Use the confidence interval to assess the estimate of the population median for each group.
For example, with a 95% confidence level, you can be 95% confident that the confidence interval contains the group median. The confidence interval helps you assess the practical significance of your results. Use your specialized knowledge to determine whether the confidence interval includes values that have practical significance for your situation. If the interval is too wide to be useful, consider increasing your sample size.
In the interval plot, a temperature of 46 is associated with the heaviest weights. However, the test results are insignificant, which indicates that the observed differences are likely to be random error. You cannot determine from this graph whether any differences are statistically significant.

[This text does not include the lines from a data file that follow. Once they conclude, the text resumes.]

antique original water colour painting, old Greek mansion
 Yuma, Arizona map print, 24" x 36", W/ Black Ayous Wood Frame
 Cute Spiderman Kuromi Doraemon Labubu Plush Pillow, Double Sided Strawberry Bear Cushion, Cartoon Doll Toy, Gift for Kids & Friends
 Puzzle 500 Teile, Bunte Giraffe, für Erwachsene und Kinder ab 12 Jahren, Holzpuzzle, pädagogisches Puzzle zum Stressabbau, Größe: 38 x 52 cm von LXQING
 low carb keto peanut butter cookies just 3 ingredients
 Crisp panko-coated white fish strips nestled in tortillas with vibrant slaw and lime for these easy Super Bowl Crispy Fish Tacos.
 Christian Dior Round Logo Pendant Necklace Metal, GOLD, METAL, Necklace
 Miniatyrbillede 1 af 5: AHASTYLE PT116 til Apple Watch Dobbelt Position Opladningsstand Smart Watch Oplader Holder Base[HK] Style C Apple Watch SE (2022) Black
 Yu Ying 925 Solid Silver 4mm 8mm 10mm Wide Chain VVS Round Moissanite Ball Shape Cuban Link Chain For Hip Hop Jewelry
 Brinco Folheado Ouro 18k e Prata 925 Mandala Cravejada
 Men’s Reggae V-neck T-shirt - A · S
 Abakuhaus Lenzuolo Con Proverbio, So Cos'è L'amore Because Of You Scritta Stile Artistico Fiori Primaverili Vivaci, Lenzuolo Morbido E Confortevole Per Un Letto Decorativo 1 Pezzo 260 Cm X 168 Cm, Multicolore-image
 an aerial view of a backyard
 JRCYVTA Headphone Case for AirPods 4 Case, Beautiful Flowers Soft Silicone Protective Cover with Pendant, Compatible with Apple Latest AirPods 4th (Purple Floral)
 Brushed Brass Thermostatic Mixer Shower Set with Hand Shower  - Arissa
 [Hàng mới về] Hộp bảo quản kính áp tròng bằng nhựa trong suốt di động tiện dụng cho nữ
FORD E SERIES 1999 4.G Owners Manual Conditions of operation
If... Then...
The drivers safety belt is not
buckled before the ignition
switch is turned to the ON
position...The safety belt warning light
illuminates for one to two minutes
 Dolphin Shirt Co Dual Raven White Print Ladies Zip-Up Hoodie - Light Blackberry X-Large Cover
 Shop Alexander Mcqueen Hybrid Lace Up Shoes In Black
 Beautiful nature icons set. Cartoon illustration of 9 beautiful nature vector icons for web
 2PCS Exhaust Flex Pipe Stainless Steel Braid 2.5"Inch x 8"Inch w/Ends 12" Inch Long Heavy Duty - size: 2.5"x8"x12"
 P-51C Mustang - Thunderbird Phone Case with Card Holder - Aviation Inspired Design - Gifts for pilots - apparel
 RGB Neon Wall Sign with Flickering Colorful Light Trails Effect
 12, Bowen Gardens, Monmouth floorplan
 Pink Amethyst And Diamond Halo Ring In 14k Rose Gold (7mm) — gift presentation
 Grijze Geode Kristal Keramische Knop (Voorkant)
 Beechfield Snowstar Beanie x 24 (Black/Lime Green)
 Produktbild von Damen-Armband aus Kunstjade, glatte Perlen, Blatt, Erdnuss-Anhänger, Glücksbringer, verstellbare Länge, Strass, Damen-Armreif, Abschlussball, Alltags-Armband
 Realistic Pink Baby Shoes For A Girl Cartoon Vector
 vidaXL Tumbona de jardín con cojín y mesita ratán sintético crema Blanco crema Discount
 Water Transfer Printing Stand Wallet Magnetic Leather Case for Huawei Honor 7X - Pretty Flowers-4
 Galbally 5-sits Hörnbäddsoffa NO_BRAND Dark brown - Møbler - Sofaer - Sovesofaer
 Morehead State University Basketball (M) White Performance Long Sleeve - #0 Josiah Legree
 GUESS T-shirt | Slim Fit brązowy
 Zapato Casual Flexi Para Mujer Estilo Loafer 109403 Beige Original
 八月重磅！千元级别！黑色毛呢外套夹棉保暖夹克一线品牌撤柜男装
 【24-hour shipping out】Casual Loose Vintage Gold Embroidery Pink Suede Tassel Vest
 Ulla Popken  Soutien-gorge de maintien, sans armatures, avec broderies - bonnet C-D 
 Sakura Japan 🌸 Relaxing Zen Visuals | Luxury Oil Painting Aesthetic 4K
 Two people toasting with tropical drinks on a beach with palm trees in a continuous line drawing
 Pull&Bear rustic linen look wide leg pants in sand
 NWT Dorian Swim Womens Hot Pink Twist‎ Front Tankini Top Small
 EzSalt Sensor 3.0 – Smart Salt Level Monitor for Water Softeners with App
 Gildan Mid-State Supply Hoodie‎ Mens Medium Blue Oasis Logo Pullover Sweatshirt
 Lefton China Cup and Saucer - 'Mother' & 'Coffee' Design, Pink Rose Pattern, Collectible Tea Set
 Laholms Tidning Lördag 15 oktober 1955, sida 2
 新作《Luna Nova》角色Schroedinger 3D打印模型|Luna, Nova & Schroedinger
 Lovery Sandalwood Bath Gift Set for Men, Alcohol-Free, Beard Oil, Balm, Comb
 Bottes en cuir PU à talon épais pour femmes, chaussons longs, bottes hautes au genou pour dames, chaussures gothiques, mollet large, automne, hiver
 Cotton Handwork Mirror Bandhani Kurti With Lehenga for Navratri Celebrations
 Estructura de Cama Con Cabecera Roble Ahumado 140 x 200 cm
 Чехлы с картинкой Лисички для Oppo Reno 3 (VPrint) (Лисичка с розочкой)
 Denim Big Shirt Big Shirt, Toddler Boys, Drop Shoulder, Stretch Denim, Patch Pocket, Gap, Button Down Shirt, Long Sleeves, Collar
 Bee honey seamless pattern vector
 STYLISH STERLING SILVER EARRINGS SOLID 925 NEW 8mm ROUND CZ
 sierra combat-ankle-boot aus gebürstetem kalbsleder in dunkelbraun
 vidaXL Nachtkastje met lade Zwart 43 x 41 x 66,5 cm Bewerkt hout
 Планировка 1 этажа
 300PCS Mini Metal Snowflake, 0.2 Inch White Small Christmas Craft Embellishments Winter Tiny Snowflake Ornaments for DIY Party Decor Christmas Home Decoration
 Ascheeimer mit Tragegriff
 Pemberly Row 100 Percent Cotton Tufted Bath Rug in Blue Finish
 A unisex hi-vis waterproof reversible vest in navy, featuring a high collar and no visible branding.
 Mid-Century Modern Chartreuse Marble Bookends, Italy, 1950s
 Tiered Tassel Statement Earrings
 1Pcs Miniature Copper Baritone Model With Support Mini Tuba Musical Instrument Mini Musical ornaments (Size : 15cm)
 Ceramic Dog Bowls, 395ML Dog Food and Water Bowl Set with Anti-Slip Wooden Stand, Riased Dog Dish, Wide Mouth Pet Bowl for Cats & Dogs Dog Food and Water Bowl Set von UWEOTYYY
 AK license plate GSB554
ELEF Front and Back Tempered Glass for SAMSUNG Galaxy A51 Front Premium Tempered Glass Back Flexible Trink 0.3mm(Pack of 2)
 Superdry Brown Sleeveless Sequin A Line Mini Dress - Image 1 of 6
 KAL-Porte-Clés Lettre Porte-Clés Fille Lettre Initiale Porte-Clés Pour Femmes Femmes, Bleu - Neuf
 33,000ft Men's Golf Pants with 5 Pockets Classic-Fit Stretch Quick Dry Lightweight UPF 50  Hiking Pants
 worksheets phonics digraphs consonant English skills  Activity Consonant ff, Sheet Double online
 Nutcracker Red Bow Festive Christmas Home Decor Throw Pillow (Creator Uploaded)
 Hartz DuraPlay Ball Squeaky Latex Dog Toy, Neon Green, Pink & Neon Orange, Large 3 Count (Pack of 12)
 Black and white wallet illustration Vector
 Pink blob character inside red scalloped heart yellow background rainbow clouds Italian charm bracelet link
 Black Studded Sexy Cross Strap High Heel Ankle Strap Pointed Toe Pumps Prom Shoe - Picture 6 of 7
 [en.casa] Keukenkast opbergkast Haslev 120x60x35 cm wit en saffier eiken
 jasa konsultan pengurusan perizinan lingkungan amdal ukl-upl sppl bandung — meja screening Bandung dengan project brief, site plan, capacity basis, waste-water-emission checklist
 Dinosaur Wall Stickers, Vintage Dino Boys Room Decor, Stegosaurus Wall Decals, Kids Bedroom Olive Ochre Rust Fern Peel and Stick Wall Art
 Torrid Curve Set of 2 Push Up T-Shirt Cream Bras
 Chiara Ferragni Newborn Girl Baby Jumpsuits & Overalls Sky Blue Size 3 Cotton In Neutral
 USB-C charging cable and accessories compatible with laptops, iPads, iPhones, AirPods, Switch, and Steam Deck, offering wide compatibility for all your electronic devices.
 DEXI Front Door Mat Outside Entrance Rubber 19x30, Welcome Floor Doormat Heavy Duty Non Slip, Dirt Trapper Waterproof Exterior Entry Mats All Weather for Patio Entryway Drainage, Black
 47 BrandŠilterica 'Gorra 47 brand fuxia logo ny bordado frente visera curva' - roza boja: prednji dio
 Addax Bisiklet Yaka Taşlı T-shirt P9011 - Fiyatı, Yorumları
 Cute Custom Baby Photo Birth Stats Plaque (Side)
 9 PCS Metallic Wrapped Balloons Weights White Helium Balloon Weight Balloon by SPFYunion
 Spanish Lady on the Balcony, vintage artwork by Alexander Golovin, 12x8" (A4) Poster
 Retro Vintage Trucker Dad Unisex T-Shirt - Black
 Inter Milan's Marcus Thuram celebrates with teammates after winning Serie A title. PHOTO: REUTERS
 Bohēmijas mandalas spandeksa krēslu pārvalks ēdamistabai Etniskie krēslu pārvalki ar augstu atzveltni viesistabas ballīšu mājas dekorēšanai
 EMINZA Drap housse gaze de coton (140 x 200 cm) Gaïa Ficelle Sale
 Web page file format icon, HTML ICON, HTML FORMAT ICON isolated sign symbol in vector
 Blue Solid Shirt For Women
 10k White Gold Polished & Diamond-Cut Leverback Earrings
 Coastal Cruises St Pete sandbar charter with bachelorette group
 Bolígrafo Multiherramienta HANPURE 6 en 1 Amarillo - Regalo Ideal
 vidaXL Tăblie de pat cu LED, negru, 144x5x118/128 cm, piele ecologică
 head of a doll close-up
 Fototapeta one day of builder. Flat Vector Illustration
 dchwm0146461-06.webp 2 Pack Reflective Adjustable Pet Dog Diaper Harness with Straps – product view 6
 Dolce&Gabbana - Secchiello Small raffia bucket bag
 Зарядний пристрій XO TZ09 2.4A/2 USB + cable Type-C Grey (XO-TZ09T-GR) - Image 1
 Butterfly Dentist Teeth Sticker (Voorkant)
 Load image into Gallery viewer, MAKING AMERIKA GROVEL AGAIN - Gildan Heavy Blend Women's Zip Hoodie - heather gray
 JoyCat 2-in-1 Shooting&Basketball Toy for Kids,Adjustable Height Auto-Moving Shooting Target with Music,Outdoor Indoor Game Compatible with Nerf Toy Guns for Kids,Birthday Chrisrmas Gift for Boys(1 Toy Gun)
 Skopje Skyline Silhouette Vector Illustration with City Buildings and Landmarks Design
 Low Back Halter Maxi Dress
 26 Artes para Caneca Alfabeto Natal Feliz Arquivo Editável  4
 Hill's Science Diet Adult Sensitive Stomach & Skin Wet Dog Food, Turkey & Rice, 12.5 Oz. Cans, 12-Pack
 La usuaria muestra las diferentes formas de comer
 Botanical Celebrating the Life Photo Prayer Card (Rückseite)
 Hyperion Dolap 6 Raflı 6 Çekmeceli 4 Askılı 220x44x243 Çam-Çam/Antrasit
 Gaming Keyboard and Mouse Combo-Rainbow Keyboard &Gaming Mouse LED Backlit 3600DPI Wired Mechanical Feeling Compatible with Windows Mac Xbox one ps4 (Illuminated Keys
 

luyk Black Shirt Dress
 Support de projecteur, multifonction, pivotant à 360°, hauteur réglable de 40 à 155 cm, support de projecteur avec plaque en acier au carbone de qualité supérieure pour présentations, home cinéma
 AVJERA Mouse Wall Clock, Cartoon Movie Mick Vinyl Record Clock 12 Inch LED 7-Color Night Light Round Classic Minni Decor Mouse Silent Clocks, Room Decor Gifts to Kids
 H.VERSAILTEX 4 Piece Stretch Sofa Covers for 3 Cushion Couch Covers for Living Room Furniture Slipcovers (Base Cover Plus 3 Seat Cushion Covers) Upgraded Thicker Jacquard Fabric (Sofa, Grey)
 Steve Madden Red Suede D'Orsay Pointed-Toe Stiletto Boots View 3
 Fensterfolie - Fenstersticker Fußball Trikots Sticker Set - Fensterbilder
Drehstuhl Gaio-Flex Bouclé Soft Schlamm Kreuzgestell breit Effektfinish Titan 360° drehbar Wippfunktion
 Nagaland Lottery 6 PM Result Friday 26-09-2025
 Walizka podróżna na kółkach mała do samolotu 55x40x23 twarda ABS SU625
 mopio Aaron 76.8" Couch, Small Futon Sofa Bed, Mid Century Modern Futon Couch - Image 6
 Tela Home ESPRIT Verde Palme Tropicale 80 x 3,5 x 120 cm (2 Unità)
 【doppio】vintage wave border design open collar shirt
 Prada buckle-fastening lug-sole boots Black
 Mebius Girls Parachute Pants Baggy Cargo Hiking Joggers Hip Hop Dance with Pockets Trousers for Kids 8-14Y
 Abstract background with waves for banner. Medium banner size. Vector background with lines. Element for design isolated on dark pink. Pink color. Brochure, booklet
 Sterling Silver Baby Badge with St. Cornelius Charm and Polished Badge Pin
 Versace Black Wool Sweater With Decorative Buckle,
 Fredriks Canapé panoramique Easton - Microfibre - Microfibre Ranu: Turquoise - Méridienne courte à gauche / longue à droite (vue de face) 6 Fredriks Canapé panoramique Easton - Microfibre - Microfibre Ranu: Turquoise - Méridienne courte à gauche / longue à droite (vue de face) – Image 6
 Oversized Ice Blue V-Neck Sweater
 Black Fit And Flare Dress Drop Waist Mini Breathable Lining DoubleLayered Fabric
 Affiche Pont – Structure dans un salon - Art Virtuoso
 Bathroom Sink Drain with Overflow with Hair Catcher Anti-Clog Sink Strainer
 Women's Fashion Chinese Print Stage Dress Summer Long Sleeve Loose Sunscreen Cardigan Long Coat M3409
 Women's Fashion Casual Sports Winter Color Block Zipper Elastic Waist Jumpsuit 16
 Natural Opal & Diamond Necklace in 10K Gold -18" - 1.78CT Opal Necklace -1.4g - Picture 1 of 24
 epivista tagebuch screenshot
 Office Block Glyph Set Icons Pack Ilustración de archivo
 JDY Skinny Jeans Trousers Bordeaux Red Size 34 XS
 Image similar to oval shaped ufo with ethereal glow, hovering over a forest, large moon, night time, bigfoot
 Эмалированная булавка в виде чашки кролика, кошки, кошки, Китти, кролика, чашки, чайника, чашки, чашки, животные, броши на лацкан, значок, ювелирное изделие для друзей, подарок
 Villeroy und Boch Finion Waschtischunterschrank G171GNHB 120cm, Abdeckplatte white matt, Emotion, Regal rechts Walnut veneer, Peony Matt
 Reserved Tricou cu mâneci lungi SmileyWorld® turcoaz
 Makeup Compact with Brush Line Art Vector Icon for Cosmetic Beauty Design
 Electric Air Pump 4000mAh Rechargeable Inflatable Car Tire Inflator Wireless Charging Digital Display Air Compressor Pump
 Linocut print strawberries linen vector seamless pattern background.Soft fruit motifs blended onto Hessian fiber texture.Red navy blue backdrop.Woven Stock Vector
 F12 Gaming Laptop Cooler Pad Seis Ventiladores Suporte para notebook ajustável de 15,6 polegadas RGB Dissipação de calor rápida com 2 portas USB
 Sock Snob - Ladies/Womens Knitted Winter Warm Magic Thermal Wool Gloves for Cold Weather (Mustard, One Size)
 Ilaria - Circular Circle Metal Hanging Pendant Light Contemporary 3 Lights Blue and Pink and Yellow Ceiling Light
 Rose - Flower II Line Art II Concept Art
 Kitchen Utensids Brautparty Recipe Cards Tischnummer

To determine statistical significance, assess the p-value for the test.
The median is the midpoint of the data set. This midpoint value is the point at which half of the observations are above the value and half of the observations are below the value. The median is determined by ranking the observations and finding the observation at the number [N + 1] / 2 in the ranked order. If your data contain an even number of observations, the median is the average value of the observations that are ranked at numbers N / 2 and [N / 2] + 1.
The sample median is an estimate of the population median of each group. The overall median is the median of all observations.
N≤ (less than or equal to the overall median) is the number of observations in each group that are less than or equal to the overall median. Minitab creates a table with the N≤ values and the N> values. Minitab uses these values to perform the chi-square test of association and to calculate the p-value for the test.
If a group has a large number of observations in this category, the median of the group is likely to be less than the overall median.
N> (greater than the overall median). These values represent the number of observations in each group that are greater than the overall median. Minitab creates a table with the N≤ values and the N> values. Minitab uses these values to perform the chi-square test of association and to calculate the p-value for the test.
If a group has a large number of observations in this category, the median of the group is likely to be greater than the overall median.
The p-value is a probability that measures the evidence against the null hypothesis. Lower probabilities provide stronger evidence against the null hypothesis.
Use the p-value to determine whether any of the differences between the medians are statistically significant.